Task details
Your job is to set down the stretch of entries that opens with the line containing "Castello (Segalara, Sala" and closes with the line containing "925 Saw Mill River Rd, Yonkers, NY 10710". Keep both end lines, copy each exactly, and add nothing.

Dataset records
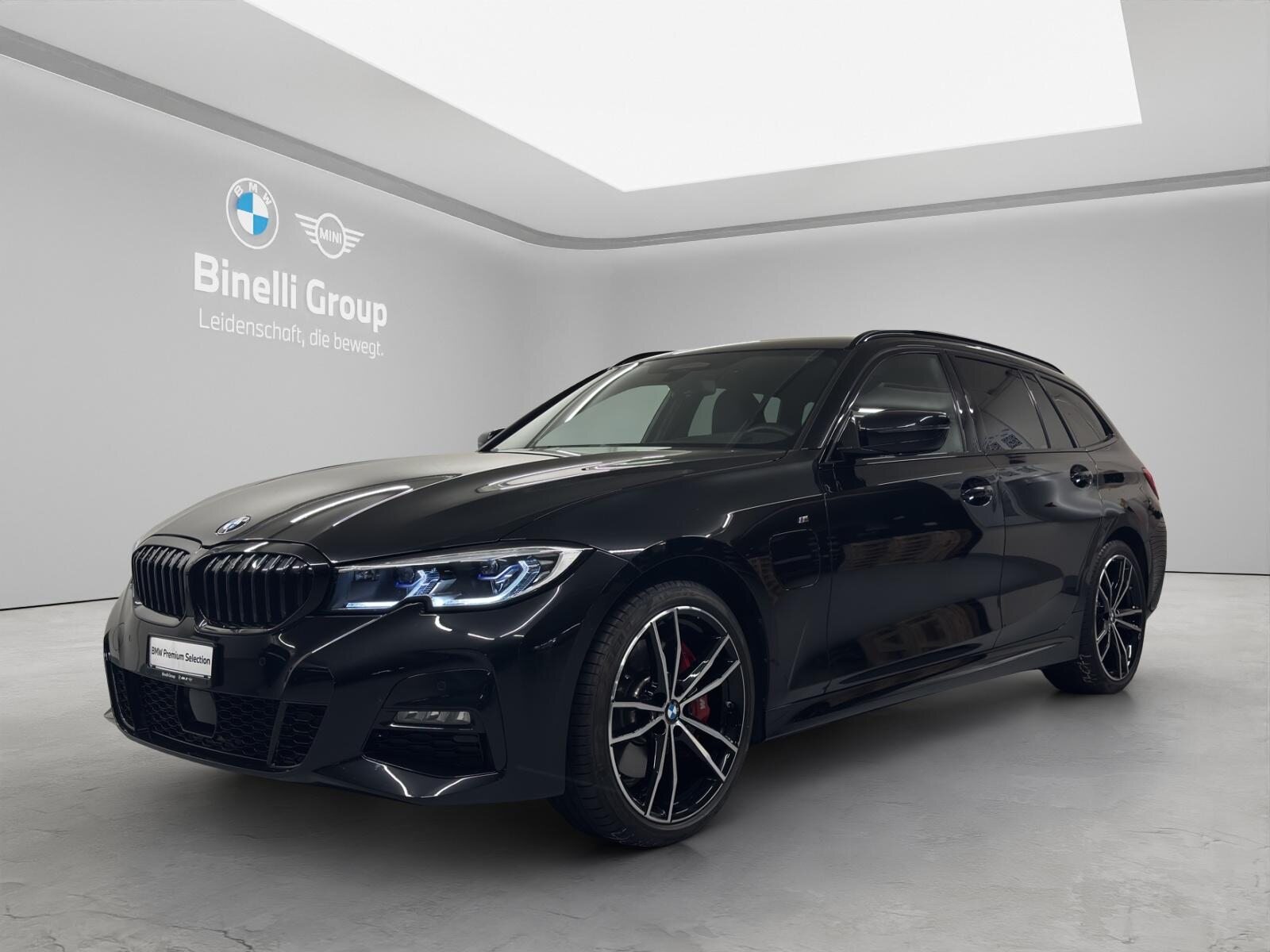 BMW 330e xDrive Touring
==
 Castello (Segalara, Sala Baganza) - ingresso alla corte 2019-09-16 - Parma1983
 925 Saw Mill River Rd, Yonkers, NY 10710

Result for this task
 Castello (Segalara, Sala Baganza) - ingresso alla corte 2019-09-16 - Parma1983
 925 Saw Mill River Rd, Yonkers, NY 10710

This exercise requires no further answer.